Um sich vor Mangelerscheinungen zu schützen ist eine vorbeugende Behandlung sowohl durch den Konsum von frischem Obst, Gemüse wie auch durch andere Lebensmitteln die Ascorbinsäure enthalten, ratsam. Das in frischen Nahrungsmitteln enthaltene Vitamin C wirkt oftmals besser, allerdings ist es heutzutage auch in sehr vielen industriell gefertigten Lebensmitteln enthalten.

Einen hohen Vitamin-C-Anteil bei Gemüse haben Kartoffeln, Paprika, Papayas, und Tomaten.
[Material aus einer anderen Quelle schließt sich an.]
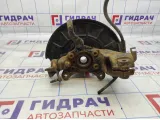 Кулак поворотный передний левый Volkswagen Jetta (A6) 5C0407255. Ступичный под замену.
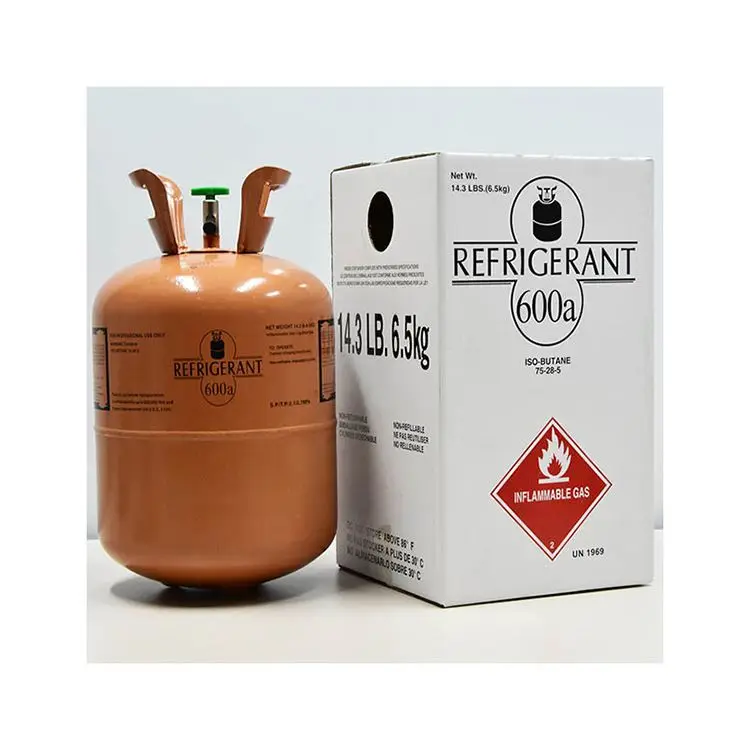 Best Selling Charging Station Propane Mix Isobutane R600A Refrigerant Cylinder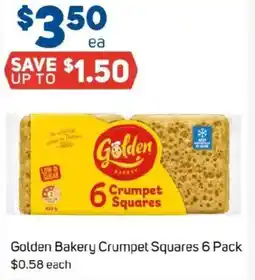 Foodland Golden Bakery Crumpet Squares offer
Als Obstsorten eignen sich idealerweise entweder Beeren (zum Beispiel Johannisbeeren), Zitrusfrüchte oder Kiwis.
Bei der Einnahme von Vitamin-C-Tabletten, Kapseln, Pulver, Tropfen, Säften und anderen Nahrungsergänzungsmittel sollte jedoch immer auf eine ausreichende Qualität der Präparate geachtet werden. Das aufgenommene Vitamin C wird primär über den Darm absorbiert und über die Nieren ausgeschieden.
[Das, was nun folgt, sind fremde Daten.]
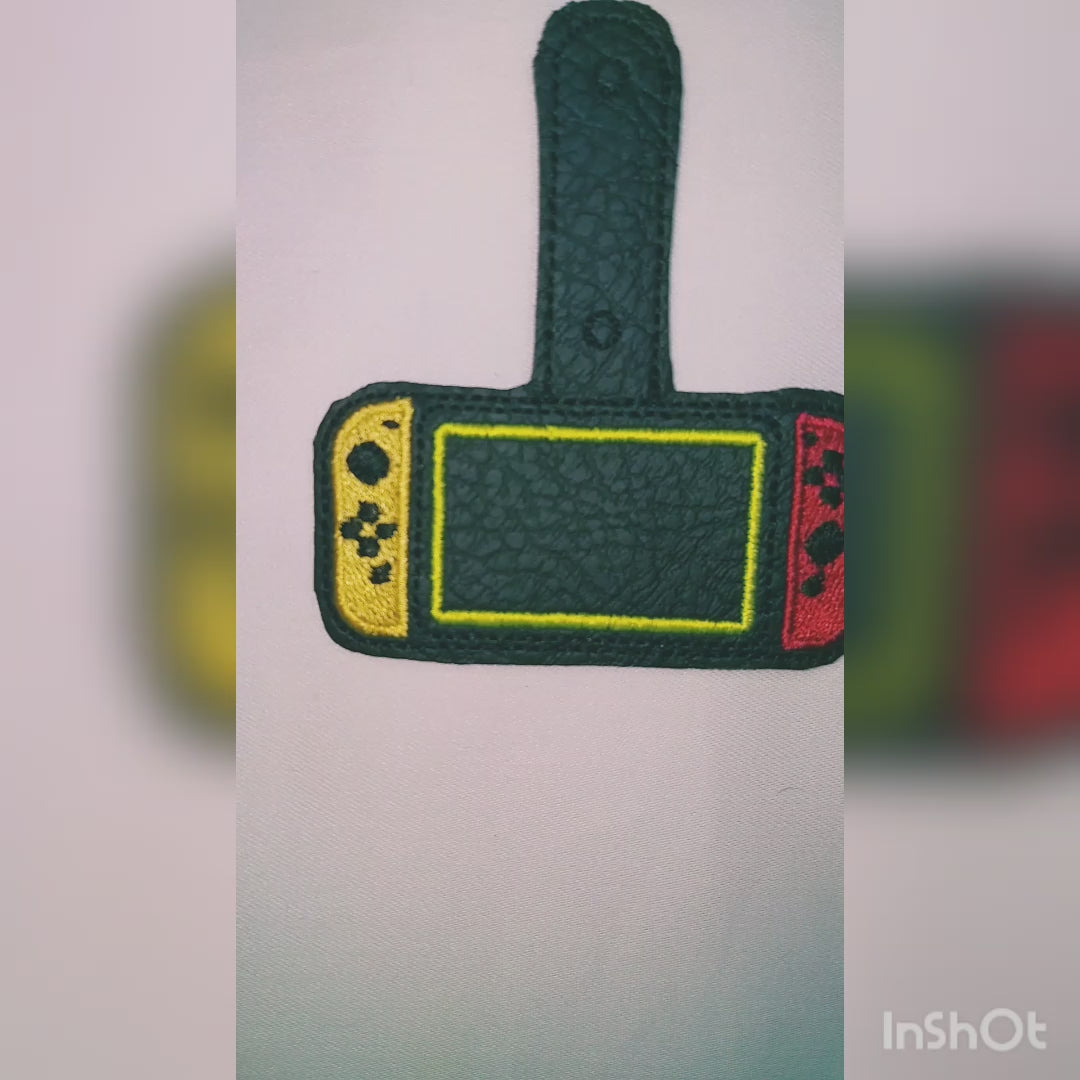 Joystick Key Fob - Machine Embroidery Design - ITH - Party Favours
Eine Überdosierung an Ascorbinsäure kann zu Blähungen, Durchfällen und zahlreichen Problemen mit der Verdauung führen, daher ist es ratsam die in der Packungsbeilage angeführte oder die vom Arzt verordnete Dosierung stets einzuhalten. Eine starke Überdosierung an Vitamin C sollte vor allem bei Kindern und Säuglingen vermieden werden.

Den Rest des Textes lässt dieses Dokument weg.